Recommendation 2286 (2024)

Author(s):
Parliamentary Assembly
Origin
Assembly debate on 3 October 2024 (31st sitting) (see Doc. 16041, report of the Committee on Social Affairs, Health and Sustainable Development, rapporteur: Mr Simon Moutquin). Text adopted by the Assembly on 3 October 2024 (31st sitting).
1. The Parliamentary Assembly refers to its Resolution 2577 (2024) “Guaranteeing the human right to food”. It notes that the Council of Europe was active in the past in promoting a human rights approach to healthy food in co-operation with other international organisations such as the World Health Organization (WHO) and the European Union (then the European Economic Community).
2. Despite past activities such as the Partial Agreement in the Social and Public Health Field and work on consumer health and food quality, the Council of Europe is today less present in this area, in which the European Union now takes the lead in the development of food law, with the focus on food safety and consumer protection.
3. The Assembly considers that in addition to legislation on food safety and consumer protection, there is scope for adopting a more comprehensive approach that reflects the full complexity of the issues associated with access to food as a fundamental right.
4. The Assembly is convinced that only a holistic human rights-based approach, centred on the right to food, can ensure the transition to sustainable and inclusive food systems.
5. The Assembly highlights in this respect that the right to food is recognised in international law as an autonomous human right, interdependent and indivisible with other human rights (in particular the right to an adequate standard of living, the right to a healthy environment, the right to water, the right to health, the rights of farmers and the rights of workers in food systems).
6. The human rights framework, which has thus developed in international law, places the requirements of food availability, accessibility, sustainability and adequacy at the heart of the approach.
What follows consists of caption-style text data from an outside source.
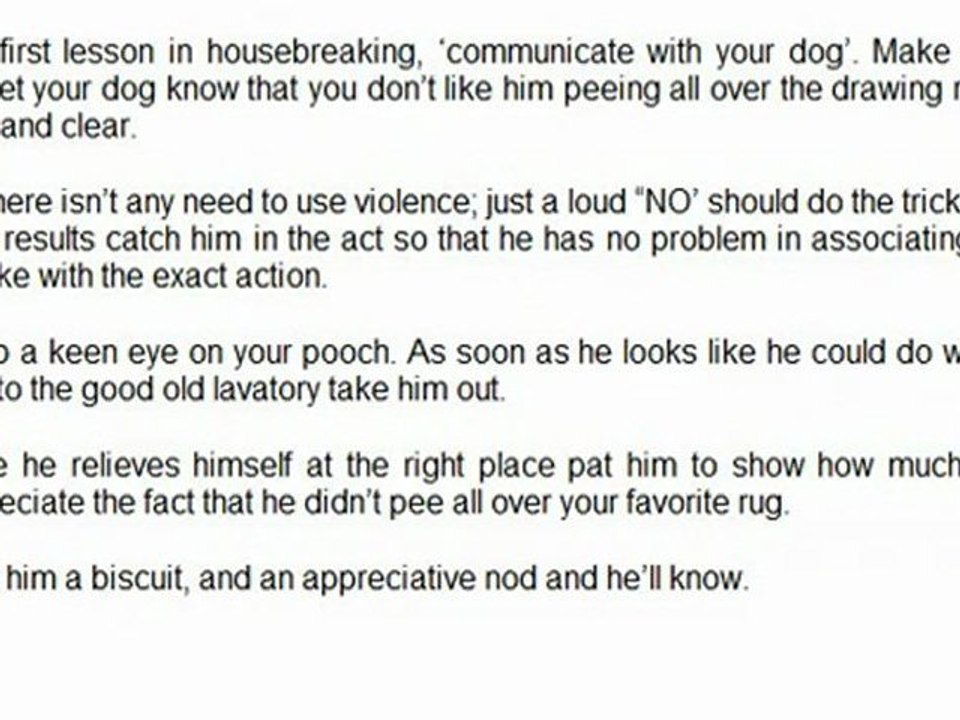 EFFECTIVELY HOUSEBREAKING YOUR PUPPY
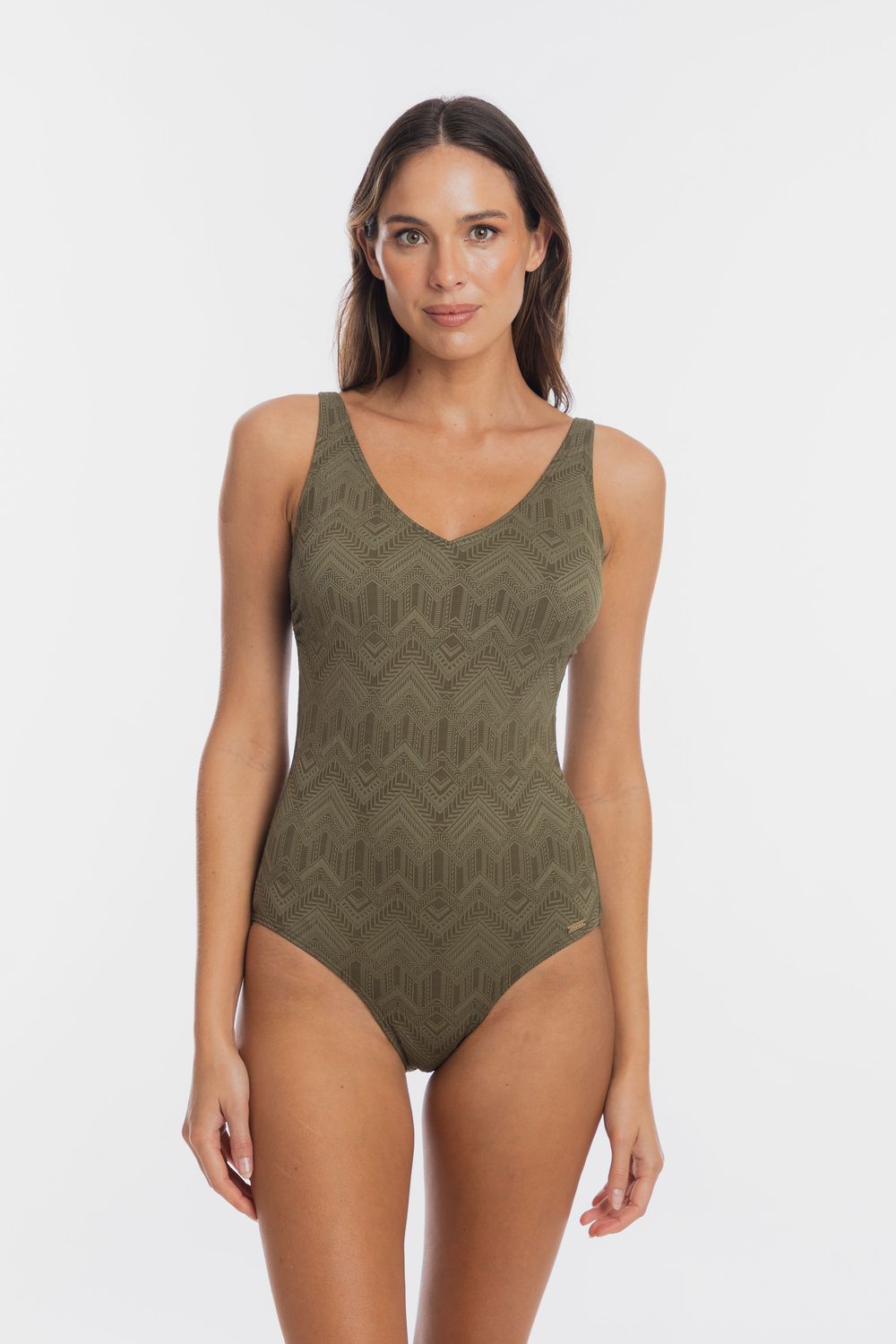 Khaki Chiseled V Neck Plunge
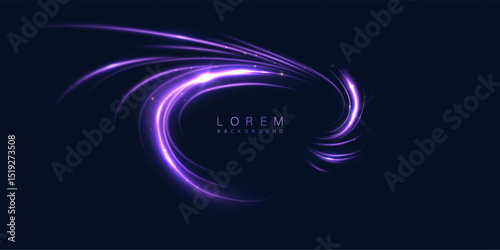 Abstract effect of swirling light of bright purple glow on dark background. Dynamic curved lines of bright rays in motion.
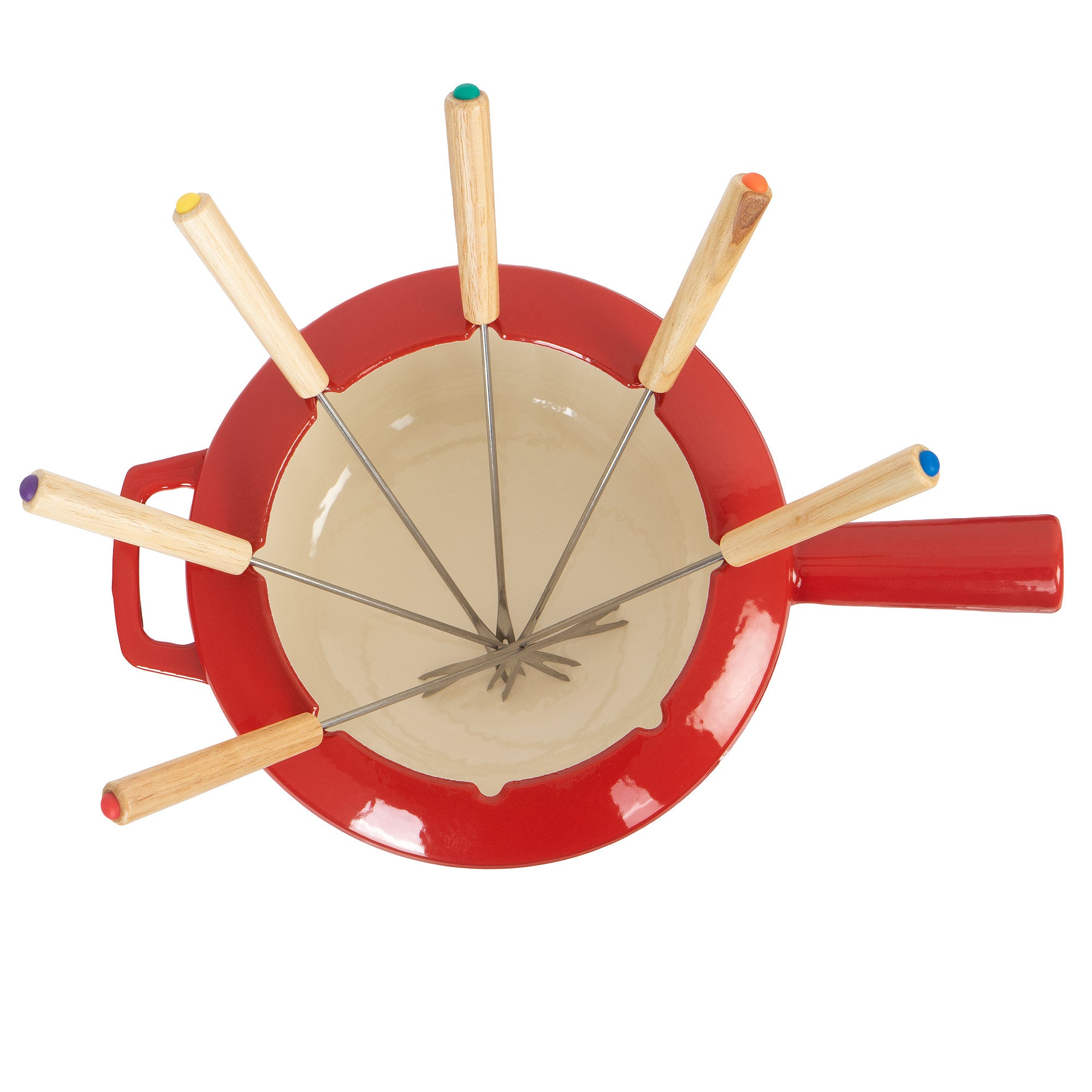 Fondue set, 13 pieces, 2 liters, cast iron, for 6 people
It is based on the principles of participation, accountability, non-discrimination, transparency, human dignity, the rule of law and solidarity. It also pays particular attention to inequalities at all stages of the food chain and makes it possible to define the shared rights, duties and responsibilities of States, the food industry and, potentially, individuals.
7. The Assembly believes that this approach, fully in line with the core values of the Council of Europe, is an essential lever which the Council of Europe, together with other international organisations, should (re)activate as a basis to work for the right to food for all.
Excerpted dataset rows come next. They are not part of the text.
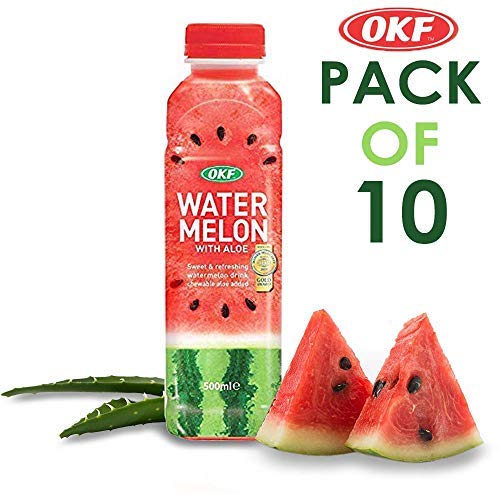 Chilled OKF Watermelon Aloe Vera Drink stored in the fridge
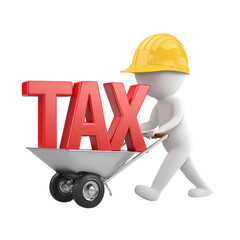 Tax Concept: Worker Pushing Wheelbarrow with TAX Letters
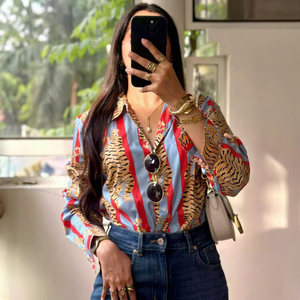 Blusa de Alta Calidad 100% Algodón Casual para Mujer, Manga Larga, Estampado Floral, Talla Grande 5XL, Oferta de Moda - Product Image 1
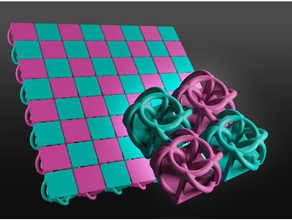 cuadros cota de malla la moda armadura a el juego damas ajedrez tablero dual duelo material extrusión tela flexible dos materiales 3d print model - Mito3D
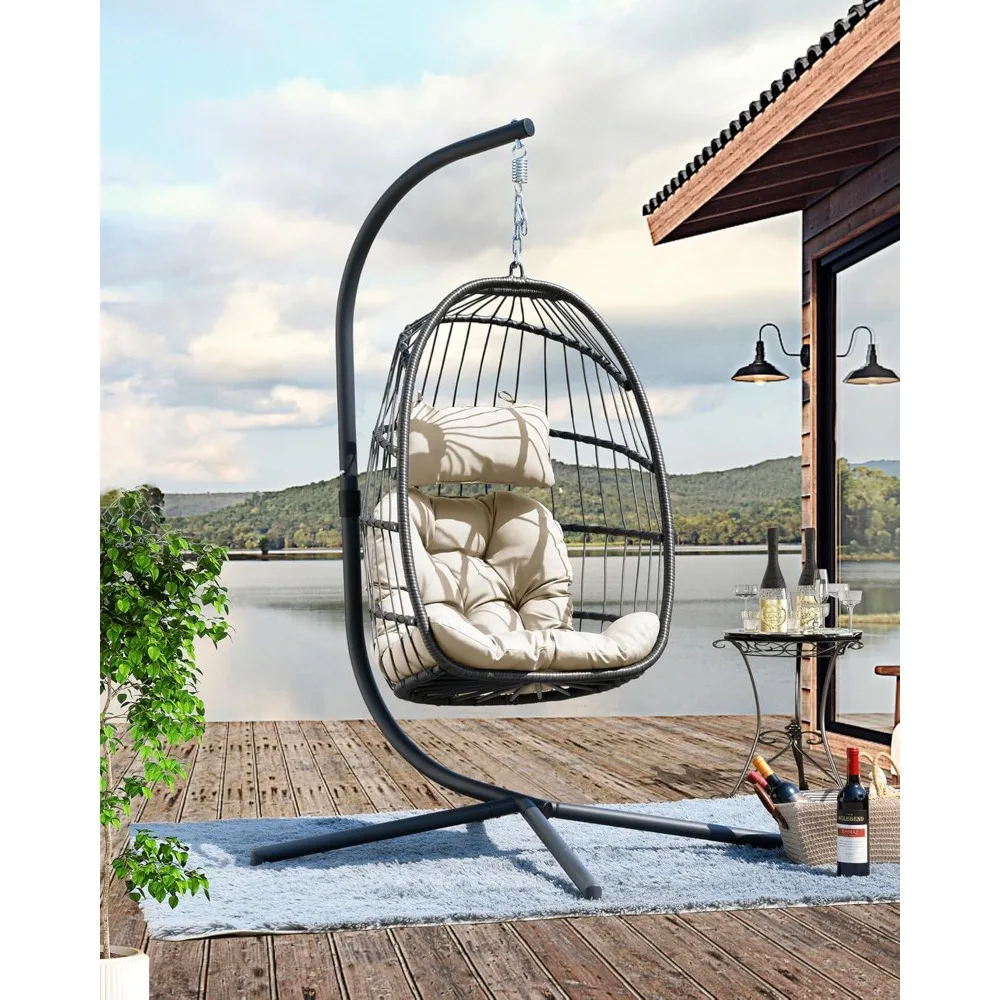

Egg Swing Chair with Stand, Outdoor Hanging Egg Chair with Cushion for Patio/Porch/Balcony/Indoor (Beige), Customized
8. In this context, the Assembly recommends that the Committee of Ministers:
8.1 reclaim the subject of the right to food as an autonomous right that is interdependent with the right to a healthy environment, for example by including it in the building blocks of the new Council of Europe strategy for the environment, which was announced in 2024 on the basis of Appendix V of the Final Declaration of the 4th Summit of Heads of State and Government of the Council of Europe (Reykjavik, 16-17 May 2023);
8.2 re-establish institutional synergies with the Food and Agriculture Organization of the United Nations (FAO) and the World Health Organization in order to identify areas of complementarity;
8.3 invite the Steering Committee for Human Rights to consider the possibility of supplementing the Organisation’s normative framework to guarantee the right to food.